Mr Darling said: “We remain committed to creating a platform of stability, and will continue to do that as we have in the last year with public-sector pay. Our aim is to have awards that are consistent with the achievement of the inflation target of 2 per cent, that are affordable, but that we want to move towards a position where we have long-term pay awards.
“Because we believe they will be good for public-service employees and their families, they will provide stability and certainty for the economy and departments, which have had three-year settlements for some time now, would be able to plan much more efficiently.”
Mr Brown faces opposition from the unions, some of whom said that longer deals could leave workers worse off. Peter Carter, the general secretary of the Royal College of Nursing, said that it was interested in discussing three-year deals with the Government if it could get a fair deal. He said: “Our members are actually going to be very cautious because they have still not recovered from the bruising they received last year. There is not a lot of trust out there at the moment. However, we are prepared to take this in good faith and we will be sitting down with the representatives of the Government later this week . . . but we really do want to see the detail.”

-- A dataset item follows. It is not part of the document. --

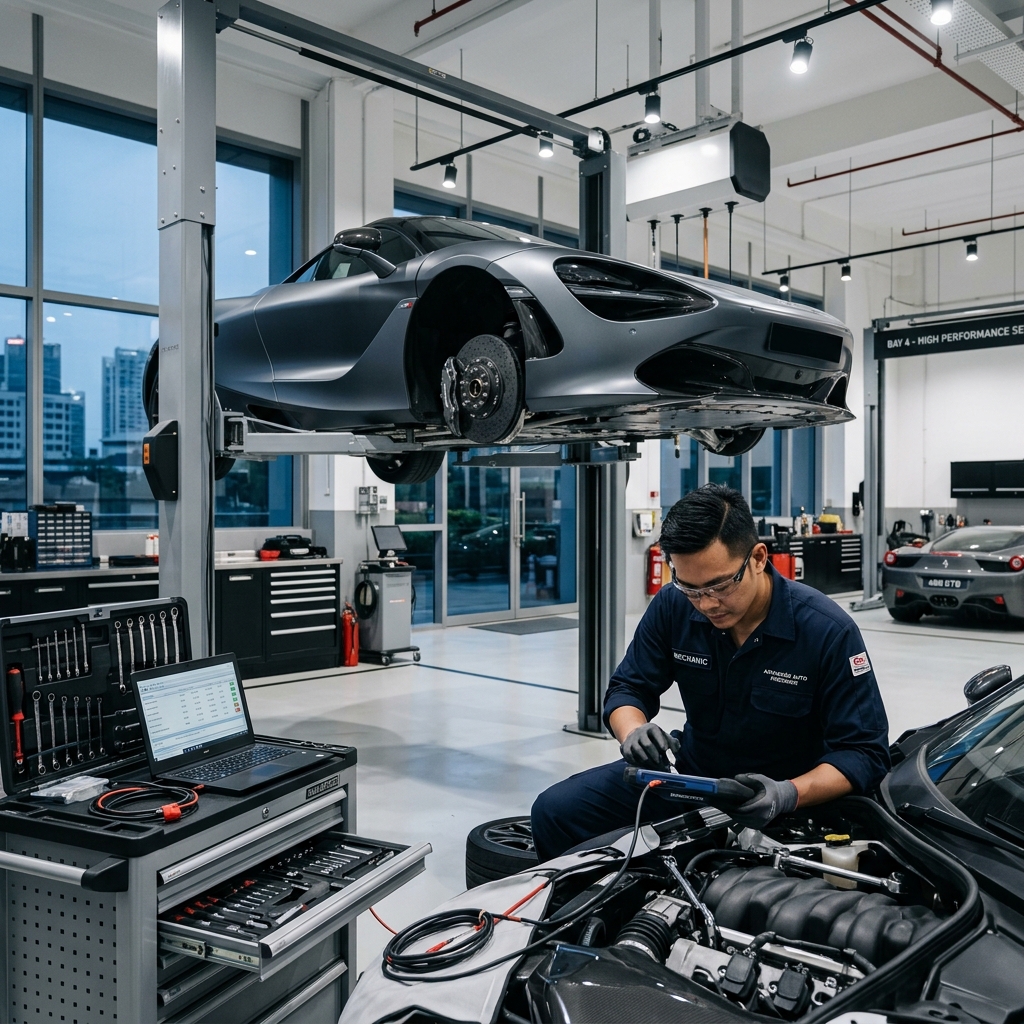 Car Servicing & Preventive Maintenance Packages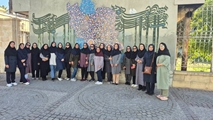 برگزاری پیاده روی صبحگاهی کارکنان مرکز آموزشی درمانی شهید دستغیب در محل باغ ملی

Brendan Barber, the General Secretary of the TUC, said that long-term pay deals could be agreed but only on certain terms. “The problem is, last year we saw the Government impose pay deals of only around 2 per cent,” he said. “Inflation was running at over 4 per cent, so millions of public service workers saw themselves facing a real cut in their living standards. Longer-term deals can help create the space to address some of those longer-term issues, but unions will only buy into this kind of idea if they are very confident that people’s living standards will be protected throughout the period of a deal.”
Mr Brown hurriedly corrected himself when he appeared to suggest that the Bank of England was about to cut interest rates. The Government insists on the Bank’s independence but Mr Brown went close to hinting that he knew what was coming. He said: “With expected inflation low over the next period of time, it makes it possible made it possible,” he said, hastily correcting his tenses, “for the Bank to cut interest rates late last year.”
Mr Darling suggested that action on inflation had given the Bank room for manoeuvre to make last month’s cut and said that there could be room to do more.